Task item:
Copy task, pictures excluded: set down exactly the lines from the one containing "Faith-inspired cross stoneware" to the end of the data below.

[[ Data excerpts, beginning ]]

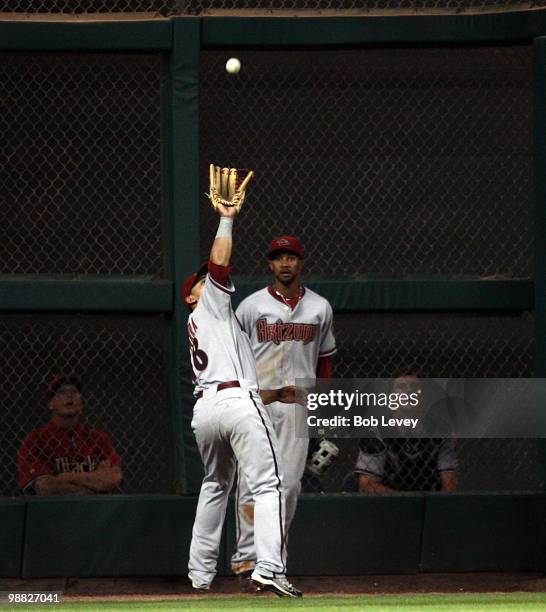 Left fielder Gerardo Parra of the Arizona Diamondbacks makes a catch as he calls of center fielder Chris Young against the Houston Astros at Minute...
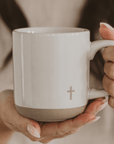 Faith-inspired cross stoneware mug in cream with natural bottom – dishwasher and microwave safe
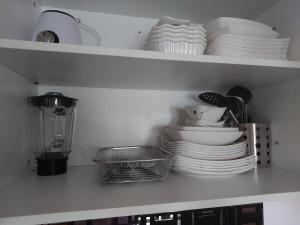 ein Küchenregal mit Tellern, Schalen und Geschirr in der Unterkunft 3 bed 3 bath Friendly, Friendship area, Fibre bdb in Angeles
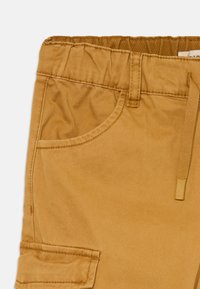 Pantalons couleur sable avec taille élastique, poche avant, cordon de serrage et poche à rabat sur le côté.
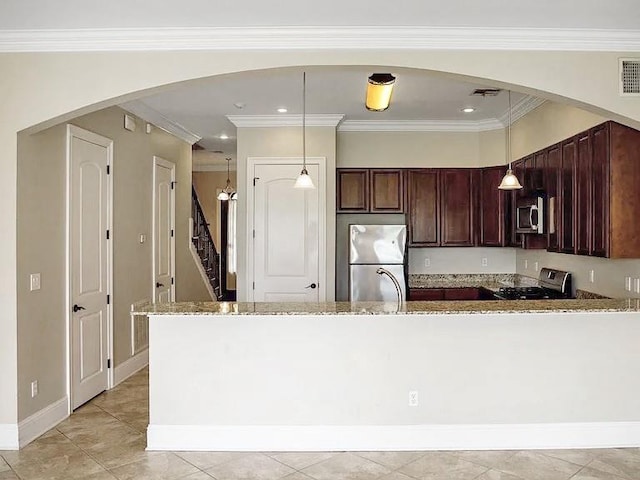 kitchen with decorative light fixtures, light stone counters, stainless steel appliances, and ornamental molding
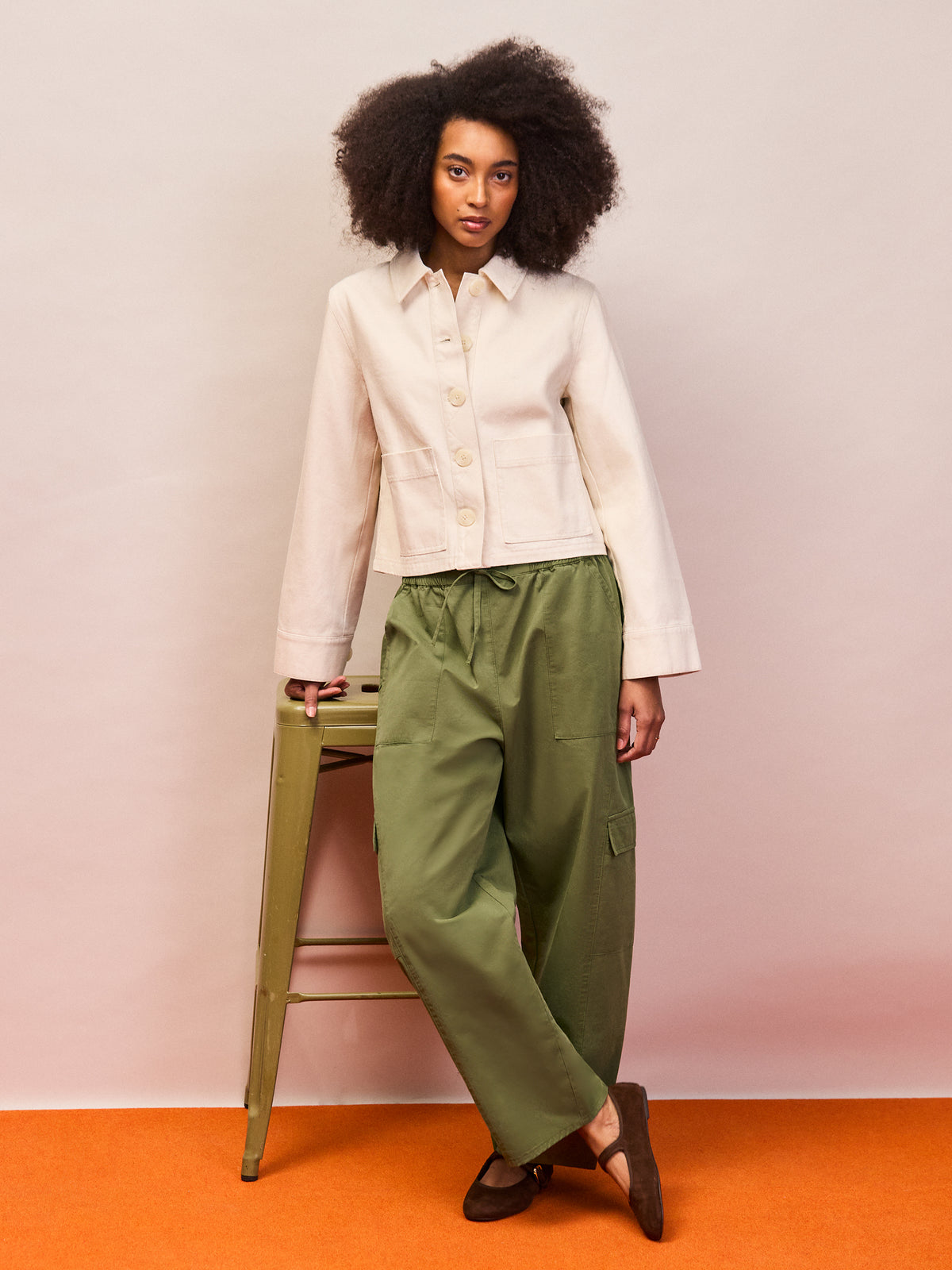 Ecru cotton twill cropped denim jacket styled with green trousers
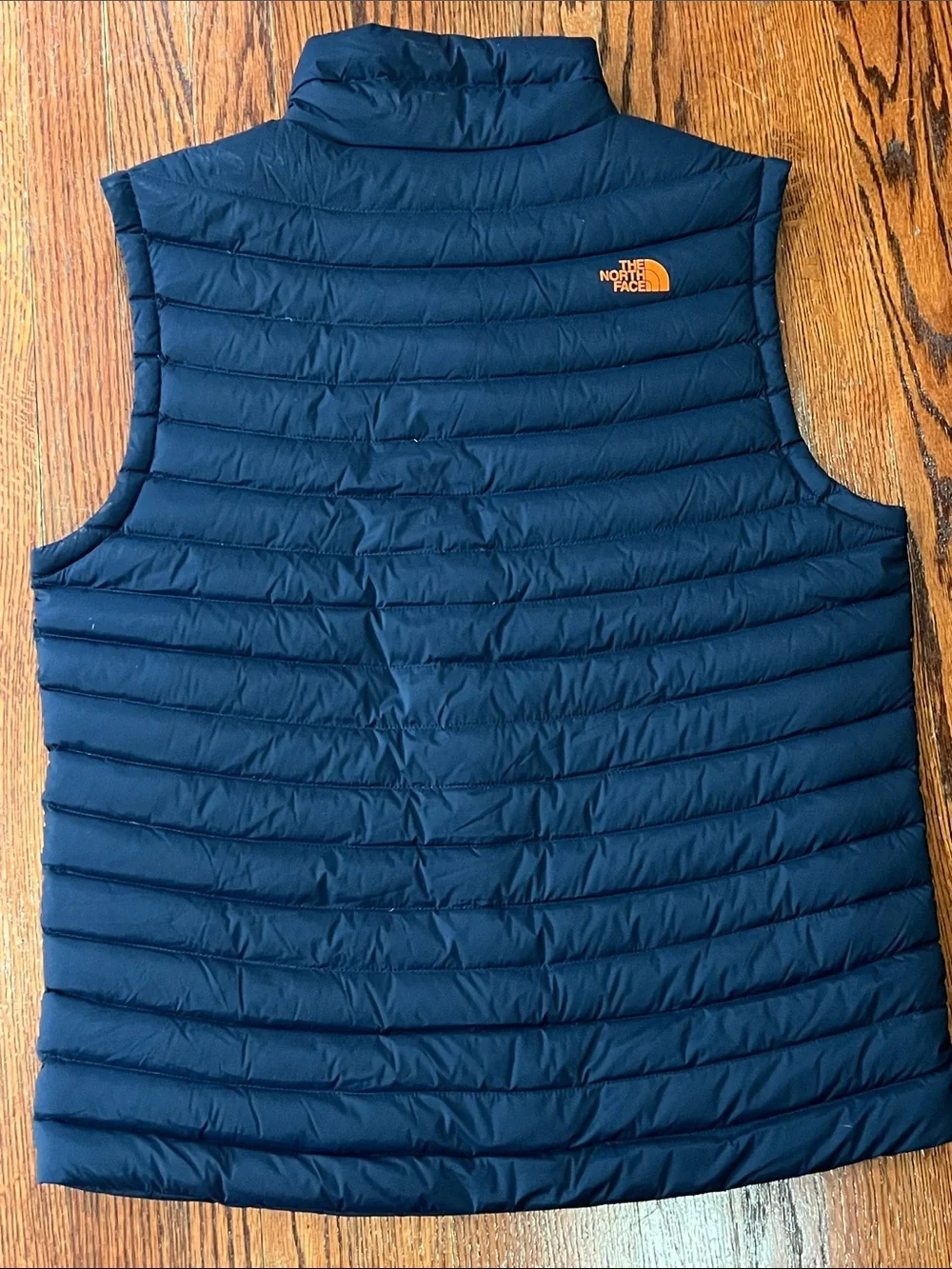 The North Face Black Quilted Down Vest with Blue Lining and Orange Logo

[[ Data excerpts, end ]]

Result of this exercise:
 Faith-inspired cross stoneware mug in cream with natural bottom – dishwasher and microwave safe
 ein Küchenregal mit Tellern, Schalen und Geschirr in der Unterkunft 3 bed 3 bath Friendly, Friendship area, Fibre bdb in Angeles
 Pantalons couleur sable avec taille élastique, poche avant, cordon de serrage et poche à rabat sur le côté.
 kitchen with decorative light fixtures, light stone counters, stainless steel appliances, and ornamental molding
 Ecru cotton twill cropped denim jacket styled with green trousers
 The North Face Black Quilted Down Vest with Blue Lining and Orange Logo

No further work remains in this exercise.